Многое уже сделано, еще кое-что предстоит сделать при помощи других людей — подмастерьев Пардоса, Силано и Сосио и Варгоса, работающего теперь с ними. Все это возникало под его руководством на стенах и половинках куполов. Но саму суть, главный рисунок, уже можно было видеть, и Гизелла стояла и смотрела.

Когда ее взгляд снова вернулся к нему, он понял, что она хочет сказать что-то еще. Но не сказала. На ее лице появилось совершенно неожиданное выражение, и много времени спустя ему показалось, будто он понял то, что она чуть было тогда не сказала.

— Криспин! Святой Джад, с тобой все в порядке! Мы боялись...



Он поднял ладонь повелительным жестом императора — от волнения.
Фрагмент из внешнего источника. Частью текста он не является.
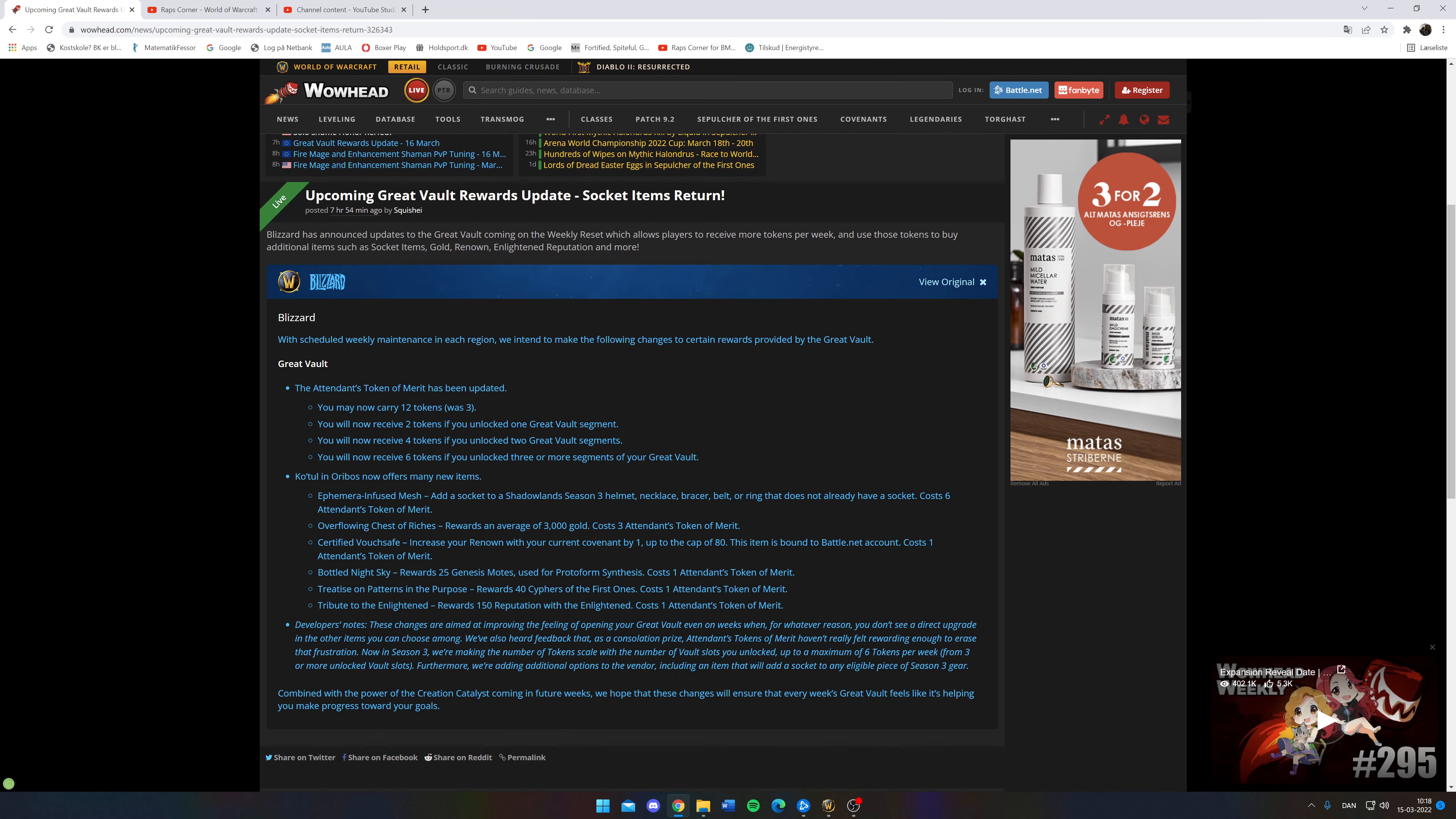Then you buy one of these instead for 6 and you save them until you find a BIS piece and then you socket it. And that's a good deal. That's much better than what it was before. So that's a good step forward for Blizzard.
Пардос, устремившийся к нему, остановился как вкопанный и замолчал. Варгос стоял у него за спиной. Криспин тоже почувствовал мимолетное облегчение: очевидно, они предпочли оставаться здесь весь день и всю ночь, здесь было безопасно. Он был уверен, что Артибас тоже находится где-то поблизости.

— Вы меня не видели, — прошептал он. — Вы спите. Идите. Ложитесь спать. Скажите то же самое Артибасу, если он забредет сюда. Никто меня не видел. — Они оба смотрели на стоящую рядом с ним фигуру под капюшоном. — И никого другого, — прибавил он. Он изо всех сил надеялся, что ее нельзя узнать.

Пардос открыл и закрыл рот.

— Идите, — сказал Криспин. — Если у меня будет возможность, я вам потом все объясню.

Варгос тихо подошел и встал рядом с Пардосом: мощный, надежный, внушающий уверенность человек, вместе с которым они видели «зубира». Который вывел их из Древней Чащи в День Мертвых. Он тихо сказал:

— Мы ничем не можем тебе помочь? Что бы ты ни задумал.

Криспин подумал, что ему бы очень этого хотелось. Но покачал головой.

— Не сегодня. Я рад, что с вами все в порядке. — Он поколебался. — Помолитесь за меня. — Он никогда раньше не говорил ничего подобного. Слегка улыбнулся: — Хотя вы меня и не видели.

Никто не улыбнулся в ответ. Варгос шевельнулся первым, взял Пардоса за локоть и повел прочь, в полумрак Святилища.

Гизелла взглянула на него. Ничего не сказала. Он повел ее по мраморному полу, через обширное пространство под куполом в боковую галерею на другой стороне, затем к низкой дверце в дальней стене. Там он сделал глубокий вдох и постучал — четыре быстрых удара, два медленных, — а затем постучал снова, вспоминая.

Тишина, время ожидания, долгое, как ночь. Он смотрел на множество свечей у алтаря справа от них и думал, что надо помолиться. Гизелла стояла рядом с ним неподвижно. Если ему это не удастся, то у него в запасе ничего не остается.

Потом он услышал, как с другой стороны в замке поворачивается ключ. И низкая дверца — часть единственного плана, который он сумел придумать, распахнулась перед ними. Он увидел священника в белой одежде, который открыл ее, одного из Неспящих, стоящего в коротком каменном туннеле за алтарем в задней части маленькой часовни, сооруженной в стене Императорского квартала. Он знал этого человека и от всей души возблагодарил бога, вспомнив, что проходил через эту дверь в первый раз вместе с Валерием, который уже умер.

Священник тоже его знал. Это был условный стук императора, который передал его Артибасу, а затем Криспину. При свете ламп они не раз открывали эту дверь Валерию зимними ночами, когда он приходил в конце своих дневных трудов взглянуть на их труд. Много позже, чем сейчас, много раз. Его называли «ночным императором»; говорили, он никогда не спит.